- [Exercise details]
Output the full listing below exactly as it reads, and skip anything that is a picture.
-------------------------
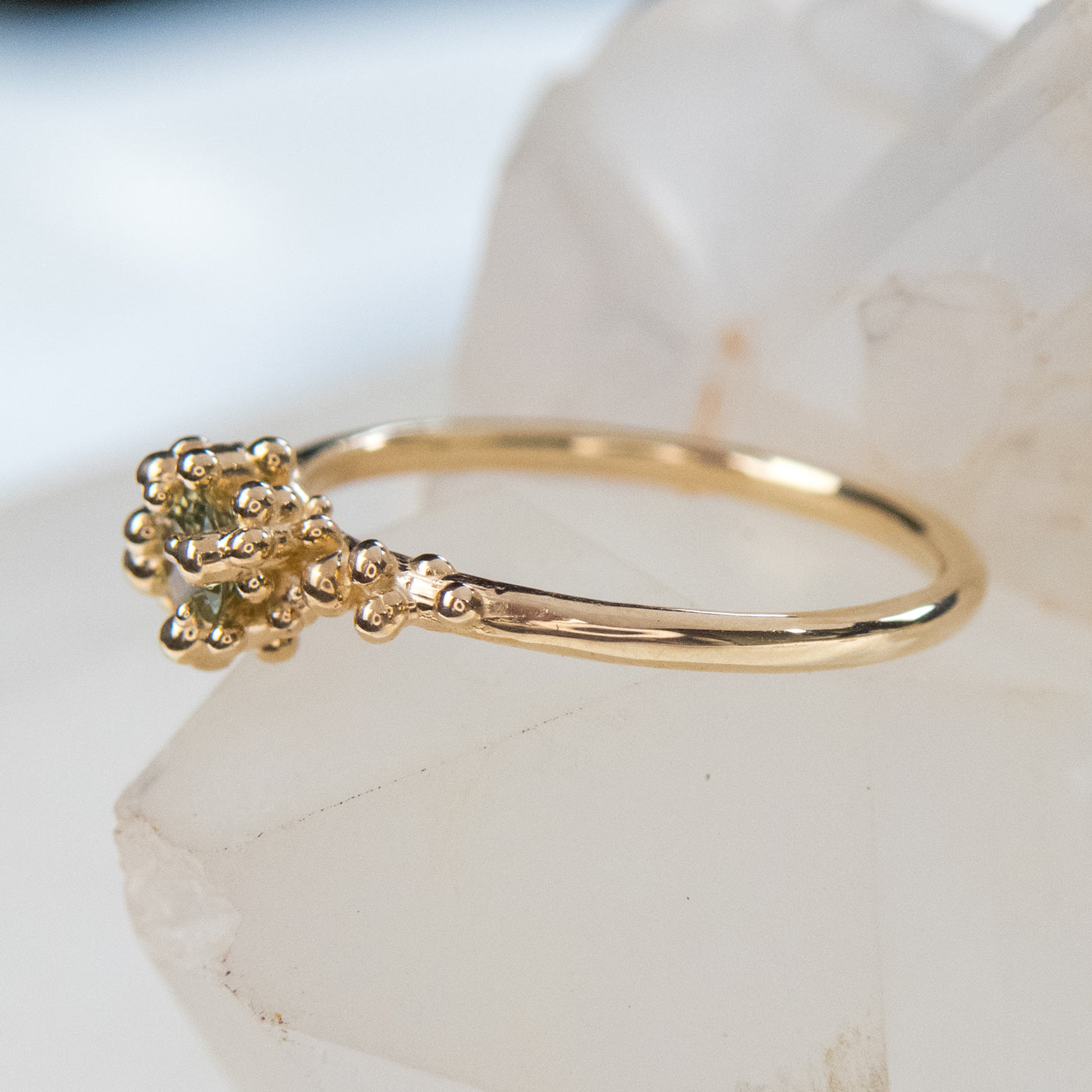 Side view of a gold ring with a cluster of small round gold beads holds a green sapphire at the center, displayed on a white crystalline surface.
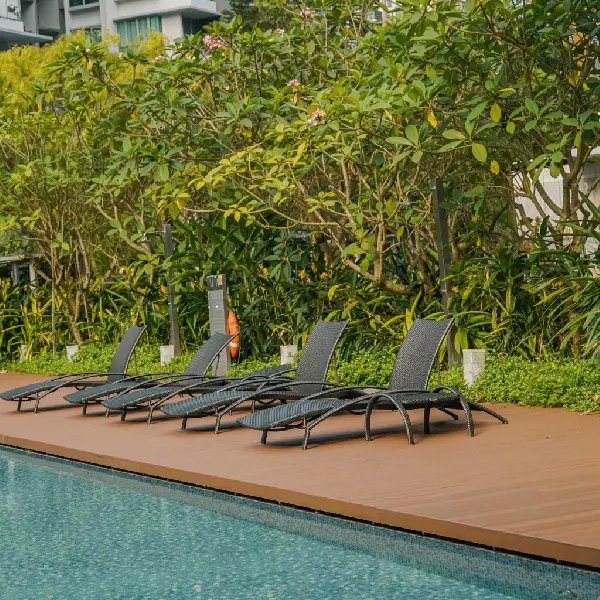 Solid core WPC flooring planks with a realistic light brown wood grain finish.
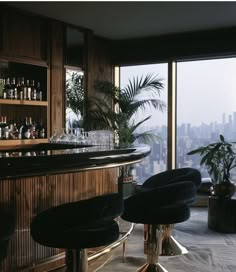 a bar with stools and bottles in front of a window overlooking a cityscape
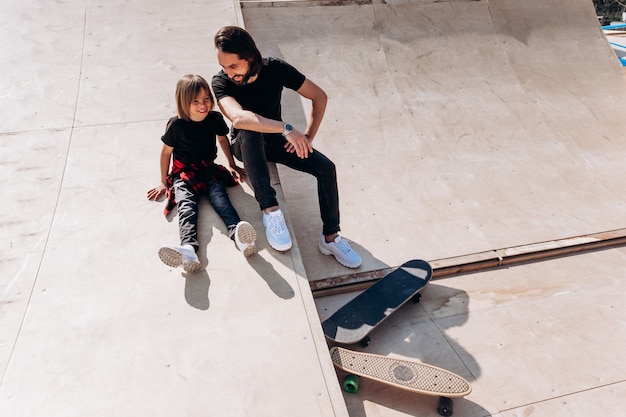 Happy father and his son dressed in the casual clothes are sitting and laughing at the slide in a skate park next to the skateboards at the sunny day .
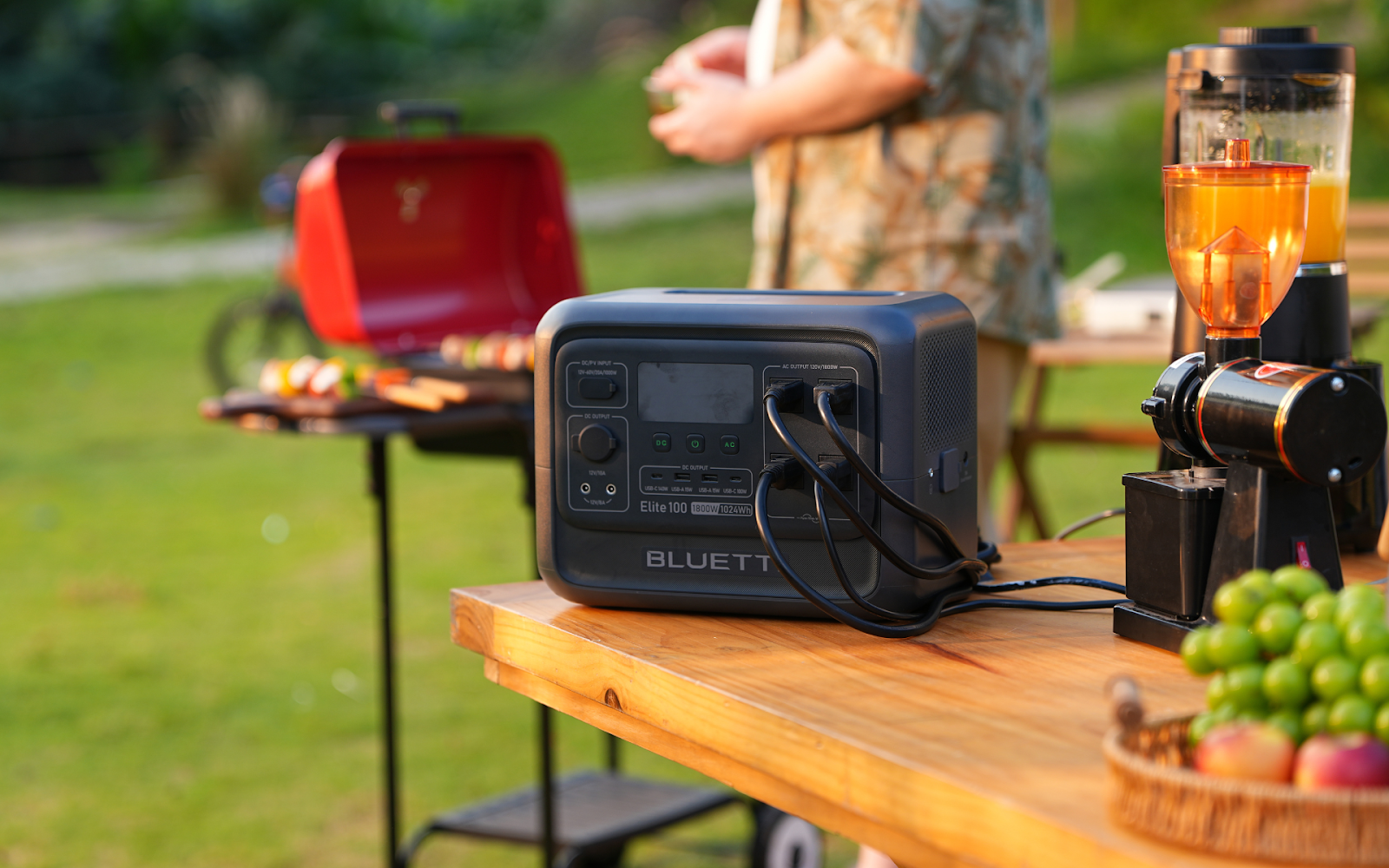 Bluetti Elite 100 V2 portable power station on table at backyard BBQ with juicer and grill.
-------------------------
- [Task result]
 Side view of a gold ring with a cluster of small round gold beads holds a green sapphire at the center, displayed on a white crystalline surface.
 Solid core WPC flooring planks with a realistic light brown wood grain finish.
 a bar with stools and bottles in front of a window overlooking a cityscape
 Happy father and his son dressed in the casual clothes are sitting and laughing at the slide in a skate park next to the skateboards at the sunny day .
 Bluetti Elite 100 V2 portable power station on table at backyard BBQ with juicer and grill.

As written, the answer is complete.